-- Opening Marker --

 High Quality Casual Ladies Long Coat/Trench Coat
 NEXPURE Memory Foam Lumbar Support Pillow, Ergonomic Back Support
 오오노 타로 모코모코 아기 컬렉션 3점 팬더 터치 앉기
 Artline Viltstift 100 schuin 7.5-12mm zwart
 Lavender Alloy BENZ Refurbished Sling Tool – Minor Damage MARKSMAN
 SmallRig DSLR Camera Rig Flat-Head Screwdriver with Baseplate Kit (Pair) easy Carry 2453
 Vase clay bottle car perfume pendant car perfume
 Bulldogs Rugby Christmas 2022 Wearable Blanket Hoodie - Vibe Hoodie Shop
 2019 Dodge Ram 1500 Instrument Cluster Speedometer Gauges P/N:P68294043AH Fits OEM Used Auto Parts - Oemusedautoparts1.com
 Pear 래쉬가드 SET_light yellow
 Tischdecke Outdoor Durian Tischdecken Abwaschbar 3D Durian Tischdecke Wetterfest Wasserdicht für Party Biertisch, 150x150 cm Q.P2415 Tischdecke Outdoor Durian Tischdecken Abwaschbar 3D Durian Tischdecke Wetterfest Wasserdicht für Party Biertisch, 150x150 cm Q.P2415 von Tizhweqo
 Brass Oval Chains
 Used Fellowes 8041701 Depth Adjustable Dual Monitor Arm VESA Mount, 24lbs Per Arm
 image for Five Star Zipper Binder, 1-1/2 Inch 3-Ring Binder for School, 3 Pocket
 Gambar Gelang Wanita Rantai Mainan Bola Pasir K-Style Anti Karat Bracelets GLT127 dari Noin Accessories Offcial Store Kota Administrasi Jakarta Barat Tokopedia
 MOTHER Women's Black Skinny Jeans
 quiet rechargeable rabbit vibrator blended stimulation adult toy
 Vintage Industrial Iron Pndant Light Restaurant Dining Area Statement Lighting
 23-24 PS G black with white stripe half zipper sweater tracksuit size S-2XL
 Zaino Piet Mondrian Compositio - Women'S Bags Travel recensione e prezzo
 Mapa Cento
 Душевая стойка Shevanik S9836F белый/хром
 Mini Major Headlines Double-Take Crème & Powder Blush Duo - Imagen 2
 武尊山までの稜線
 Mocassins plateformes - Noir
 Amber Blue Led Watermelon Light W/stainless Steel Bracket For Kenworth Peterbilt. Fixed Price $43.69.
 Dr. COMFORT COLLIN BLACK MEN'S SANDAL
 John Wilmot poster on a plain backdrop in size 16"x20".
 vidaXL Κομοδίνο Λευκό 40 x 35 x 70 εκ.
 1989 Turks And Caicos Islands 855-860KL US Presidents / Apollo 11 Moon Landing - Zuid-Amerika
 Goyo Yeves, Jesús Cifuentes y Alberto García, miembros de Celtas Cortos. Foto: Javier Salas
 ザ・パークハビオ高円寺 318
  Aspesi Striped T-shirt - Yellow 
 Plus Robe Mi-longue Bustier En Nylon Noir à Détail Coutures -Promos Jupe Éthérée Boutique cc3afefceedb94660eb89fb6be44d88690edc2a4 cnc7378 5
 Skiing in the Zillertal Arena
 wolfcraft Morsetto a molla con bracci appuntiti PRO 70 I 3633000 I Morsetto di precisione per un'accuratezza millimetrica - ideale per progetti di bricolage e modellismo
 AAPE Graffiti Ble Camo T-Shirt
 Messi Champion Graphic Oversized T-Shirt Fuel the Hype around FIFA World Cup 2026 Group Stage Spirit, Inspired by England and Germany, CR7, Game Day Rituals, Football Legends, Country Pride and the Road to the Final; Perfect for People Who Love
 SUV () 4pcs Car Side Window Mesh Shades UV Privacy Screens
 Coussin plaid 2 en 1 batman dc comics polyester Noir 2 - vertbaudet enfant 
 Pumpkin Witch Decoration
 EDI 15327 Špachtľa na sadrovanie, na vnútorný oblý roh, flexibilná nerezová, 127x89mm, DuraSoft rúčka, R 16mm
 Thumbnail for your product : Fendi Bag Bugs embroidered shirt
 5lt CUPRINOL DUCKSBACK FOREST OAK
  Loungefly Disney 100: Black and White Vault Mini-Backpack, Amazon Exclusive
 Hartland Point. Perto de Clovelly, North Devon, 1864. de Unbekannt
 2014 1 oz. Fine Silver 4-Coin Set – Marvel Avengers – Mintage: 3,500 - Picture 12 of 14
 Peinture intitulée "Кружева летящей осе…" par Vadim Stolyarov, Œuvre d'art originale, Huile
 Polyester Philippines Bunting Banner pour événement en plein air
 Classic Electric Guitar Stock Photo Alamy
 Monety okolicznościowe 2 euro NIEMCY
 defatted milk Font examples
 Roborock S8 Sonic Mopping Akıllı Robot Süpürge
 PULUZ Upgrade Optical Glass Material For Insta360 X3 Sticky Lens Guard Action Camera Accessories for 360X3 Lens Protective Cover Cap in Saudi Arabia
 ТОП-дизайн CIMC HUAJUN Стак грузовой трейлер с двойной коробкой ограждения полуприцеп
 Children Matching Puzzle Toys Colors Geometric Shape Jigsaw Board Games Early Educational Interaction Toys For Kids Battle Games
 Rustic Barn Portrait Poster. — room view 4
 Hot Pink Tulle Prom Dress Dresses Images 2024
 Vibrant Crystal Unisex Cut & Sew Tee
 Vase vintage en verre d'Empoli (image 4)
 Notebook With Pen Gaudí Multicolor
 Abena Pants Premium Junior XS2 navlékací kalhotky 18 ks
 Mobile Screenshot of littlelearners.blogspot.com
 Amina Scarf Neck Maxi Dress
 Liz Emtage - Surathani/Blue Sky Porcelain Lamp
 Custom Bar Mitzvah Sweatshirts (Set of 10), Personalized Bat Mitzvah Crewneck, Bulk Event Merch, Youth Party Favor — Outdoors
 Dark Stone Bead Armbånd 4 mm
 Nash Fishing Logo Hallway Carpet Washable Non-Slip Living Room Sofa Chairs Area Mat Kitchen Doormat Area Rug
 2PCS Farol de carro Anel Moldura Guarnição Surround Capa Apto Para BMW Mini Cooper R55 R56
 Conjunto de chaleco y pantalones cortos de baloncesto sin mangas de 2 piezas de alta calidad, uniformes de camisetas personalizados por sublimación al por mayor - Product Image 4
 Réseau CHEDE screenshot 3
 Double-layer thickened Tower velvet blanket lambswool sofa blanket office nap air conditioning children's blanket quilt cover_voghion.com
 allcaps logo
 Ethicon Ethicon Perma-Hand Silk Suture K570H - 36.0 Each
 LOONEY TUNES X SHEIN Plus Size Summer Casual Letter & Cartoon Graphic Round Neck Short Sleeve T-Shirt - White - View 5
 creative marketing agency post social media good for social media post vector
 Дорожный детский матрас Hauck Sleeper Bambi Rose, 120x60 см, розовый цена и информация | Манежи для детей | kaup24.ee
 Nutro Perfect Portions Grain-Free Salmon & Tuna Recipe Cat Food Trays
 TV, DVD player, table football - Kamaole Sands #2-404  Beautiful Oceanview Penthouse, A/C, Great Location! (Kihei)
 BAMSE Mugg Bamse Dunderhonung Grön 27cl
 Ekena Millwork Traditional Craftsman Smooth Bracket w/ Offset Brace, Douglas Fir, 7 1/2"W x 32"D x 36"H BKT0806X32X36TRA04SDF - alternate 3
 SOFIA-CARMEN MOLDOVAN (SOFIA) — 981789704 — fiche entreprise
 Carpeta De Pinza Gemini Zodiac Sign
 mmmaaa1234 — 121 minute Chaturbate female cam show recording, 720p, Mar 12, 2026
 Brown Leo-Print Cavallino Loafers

-- Closing Marker --

Return a word-for-word copy of the lines from the beginning of the listing to the line holding "Pear 래쉬가드 SET_light yellow", both kept.

Answer to this task:
 High Quality Casual Ladies Long Coat/Trench Coat
 NEXPURE Memory Foam Lumbar Support Pillow, Ergonomic Back Support
 오오노 타로 모코모코 아기 컬렉션 3점 팬더 터치 앉기
 Artline Viltstift 100 schuin 7.5-12mm zwart
 Lavender Alloy BENZ Refurbished Sling Tool – Minor Damage MARKSMAN
 SmallRig DSLR Camera Rig Flat-Head Screwdriver with Baseplate Kit (Pair) easy Carry 2453
 Vase clay bottle car perfume pendant car perfume
 Bulldogs Rugby Christmas 2022 Wearable Blanket Hoodie - Vibe Hoodie Shop
 2019 Dodge Ram 1500 Instrument Cluster Speedometer Gauges P/N:P68294043AH Fits OEM Used Auto Parts - Oemusedautoparts1.com
 Pear 래쉬가드 SET_light yellow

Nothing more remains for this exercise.